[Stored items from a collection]
----------

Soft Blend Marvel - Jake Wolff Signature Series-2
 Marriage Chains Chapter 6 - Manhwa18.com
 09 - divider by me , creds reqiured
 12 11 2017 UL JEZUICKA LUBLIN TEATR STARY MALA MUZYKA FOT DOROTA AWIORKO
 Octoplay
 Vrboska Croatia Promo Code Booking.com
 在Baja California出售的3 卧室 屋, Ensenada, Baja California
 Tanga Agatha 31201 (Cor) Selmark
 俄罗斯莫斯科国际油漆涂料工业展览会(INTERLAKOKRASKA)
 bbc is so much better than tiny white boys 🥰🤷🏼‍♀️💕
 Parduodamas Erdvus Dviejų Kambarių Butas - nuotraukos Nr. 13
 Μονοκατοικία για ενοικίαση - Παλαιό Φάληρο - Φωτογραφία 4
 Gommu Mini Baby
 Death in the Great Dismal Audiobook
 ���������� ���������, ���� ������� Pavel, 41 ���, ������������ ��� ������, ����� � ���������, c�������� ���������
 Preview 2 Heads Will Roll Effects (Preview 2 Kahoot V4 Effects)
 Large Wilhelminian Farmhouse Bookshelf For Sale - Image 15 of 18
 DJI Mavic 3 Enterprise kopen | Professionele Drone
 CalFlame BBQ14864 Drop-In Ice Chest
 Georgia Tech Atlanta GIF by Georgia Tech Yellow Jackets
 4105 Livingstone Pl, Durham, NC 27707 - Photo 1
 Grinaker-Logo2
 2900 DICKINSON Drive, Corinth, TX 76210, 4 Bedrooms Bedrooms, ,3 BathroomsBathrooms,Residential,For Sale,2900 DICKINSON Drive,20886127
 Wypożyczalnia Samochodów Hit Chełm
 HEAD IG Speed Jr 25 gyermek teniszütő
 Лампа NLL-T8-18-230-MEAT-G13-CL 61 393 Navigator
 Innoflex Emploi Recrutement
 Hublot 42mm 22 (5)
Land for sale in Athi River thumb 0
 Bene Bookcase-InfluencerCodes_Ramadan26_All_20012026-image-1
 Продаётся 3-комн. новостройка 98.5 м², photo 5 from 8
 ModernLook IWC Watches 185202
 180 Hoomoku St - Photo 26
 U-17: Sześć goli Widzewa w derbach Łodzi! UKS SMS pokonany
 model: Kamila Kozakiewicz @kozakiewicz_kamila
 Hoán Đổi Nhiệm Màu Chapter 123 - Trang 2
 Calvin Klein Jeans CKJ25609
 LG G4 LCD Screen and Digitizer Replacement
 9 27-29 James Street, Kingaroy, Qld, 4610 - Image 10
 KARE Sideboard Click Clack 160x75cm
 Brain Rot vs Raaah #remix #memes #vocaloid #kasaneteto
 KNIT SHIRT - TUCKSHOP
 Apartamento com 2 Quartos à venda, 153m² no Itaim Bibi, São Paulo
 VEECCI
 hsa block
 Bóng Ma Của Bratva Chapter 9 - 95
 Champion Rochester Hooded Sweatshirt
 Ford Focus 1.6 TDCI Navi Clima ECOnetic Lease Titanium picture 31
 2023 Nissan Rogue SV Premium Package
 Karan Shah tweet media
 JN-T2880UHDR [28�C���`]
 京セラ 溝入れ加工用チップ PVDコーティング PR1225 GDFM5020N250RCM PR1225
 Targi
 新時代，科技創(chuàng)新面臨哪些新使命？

----------

** ACTION ITEM **
For every line in the data above that holds "Chapter", return the line itself.

** OUTPUT BELOW **
 Marriage Chains Chapter 6 - Manhwa18.com
 Hoán Đổi Nhiệm Màu Chapter 123 - Trang 2
 Bóng Ma Của Bratva Chapter 9 - 95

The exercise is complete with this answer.